#### What is required
Below are some records. Retype exactly the lines from the one containing "Sheffield Apartamento | Green Hil Apartment" through the one containing "Dior-Jewelry Code: CJ4944 $: 45USD", both included, skipping every picture.

#### Supplied entries
____________
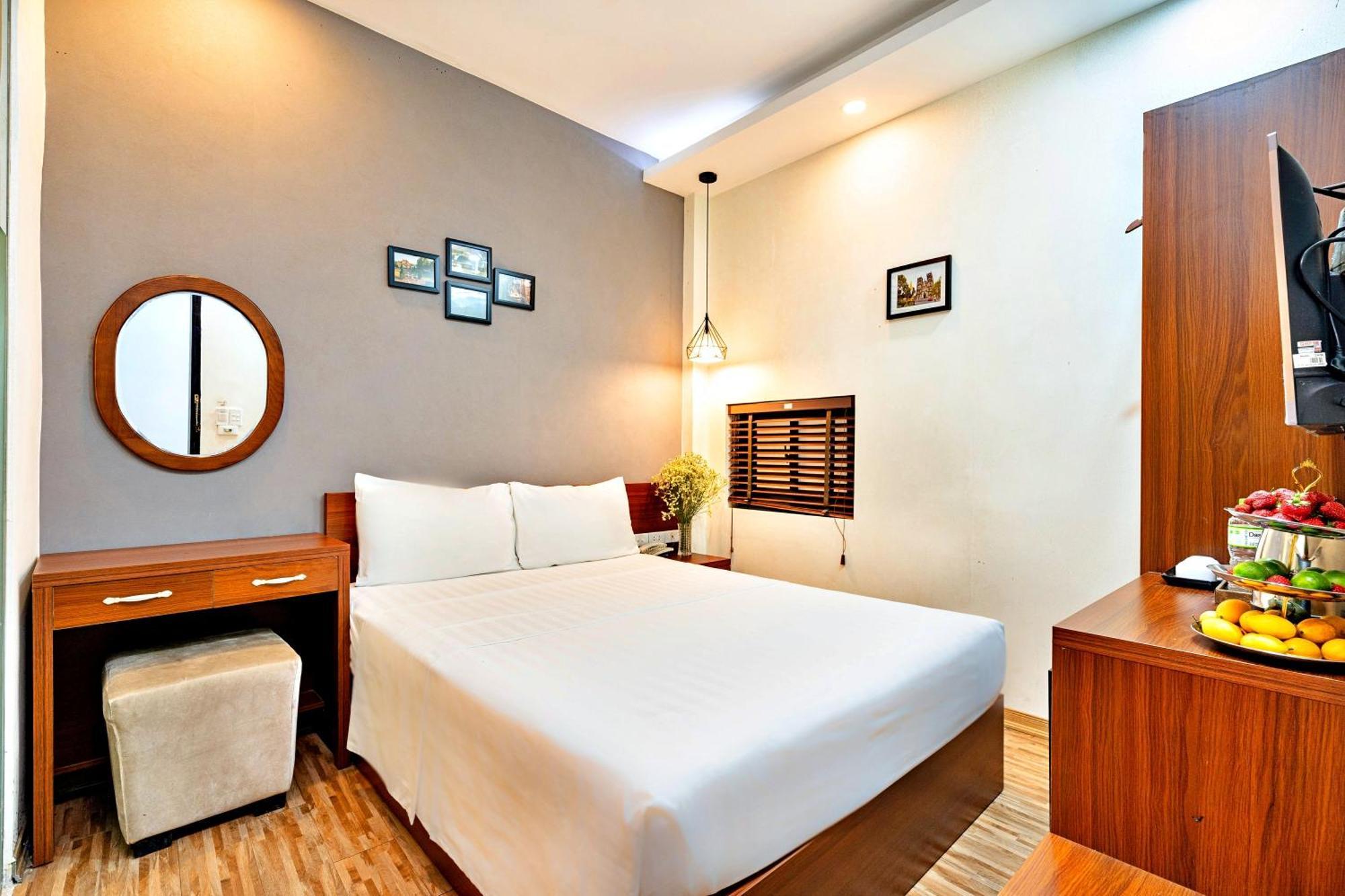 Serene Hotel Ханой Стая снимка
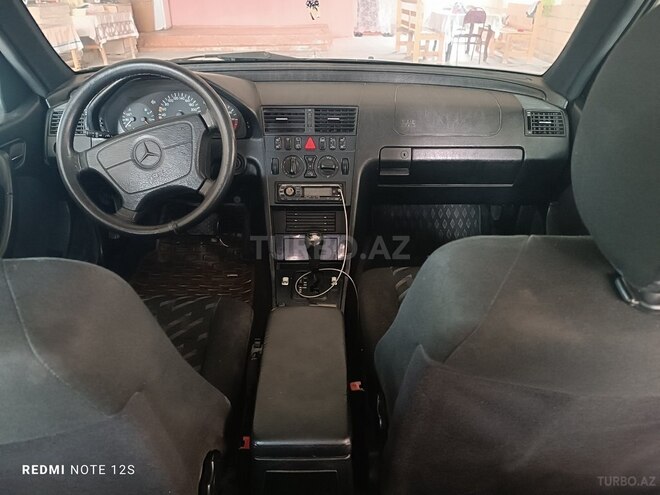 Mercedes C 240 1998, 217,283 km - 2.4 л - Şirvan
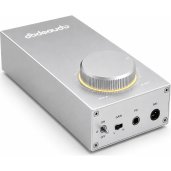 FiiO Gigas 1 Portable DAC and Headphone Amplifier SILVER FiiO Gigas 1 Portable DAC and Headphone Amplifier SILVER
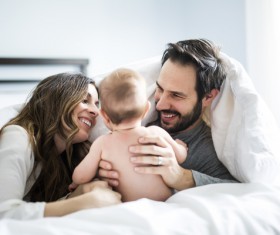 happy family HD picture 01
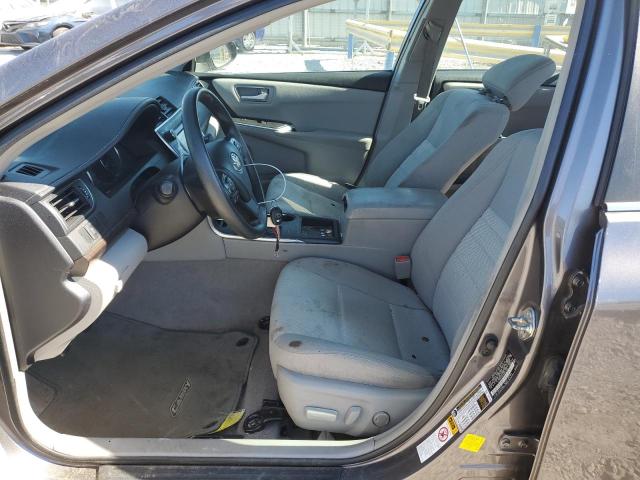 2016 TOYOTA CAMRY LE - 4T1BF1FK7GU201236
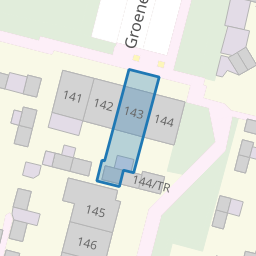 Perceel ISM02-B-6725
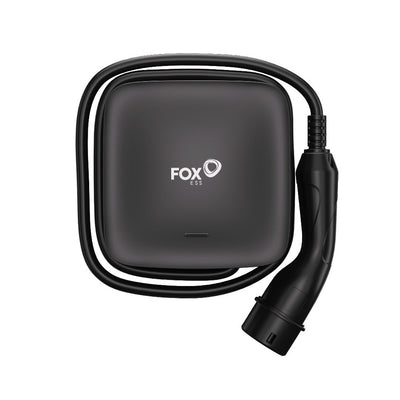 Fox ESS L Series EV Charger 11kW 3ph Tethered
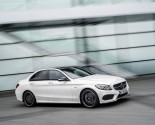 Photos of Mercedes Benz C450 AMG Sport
____________
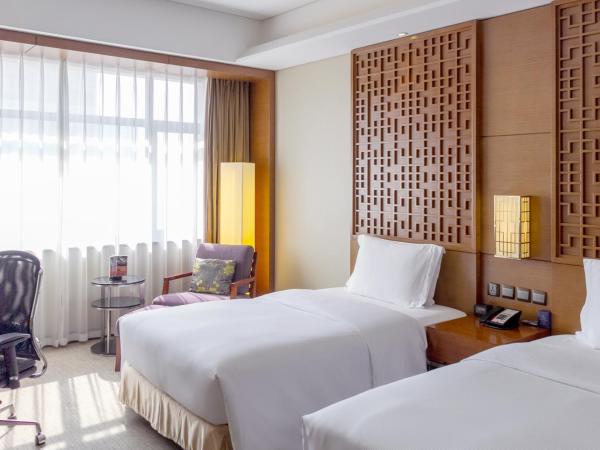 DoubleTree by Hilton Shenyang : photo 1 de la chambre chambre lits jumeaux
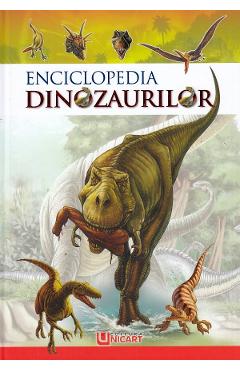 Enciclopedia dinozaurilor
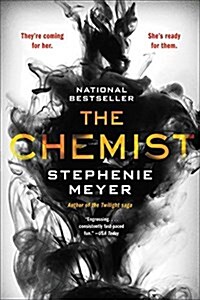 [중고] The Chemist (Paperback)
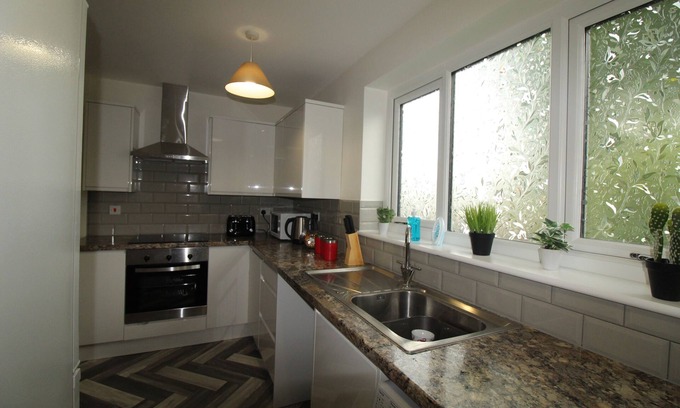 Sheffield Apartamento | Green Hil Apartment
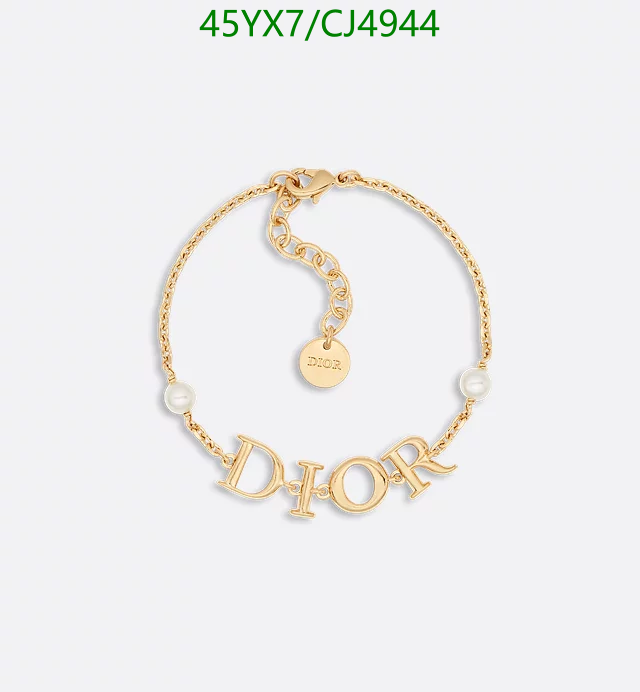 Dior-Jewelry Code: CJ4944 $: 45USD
____________
#### Answer area
 Sheffield Apartamento | Green Hil Apartment
 Dior-Jewelry Code: CJ4944 $: 45USD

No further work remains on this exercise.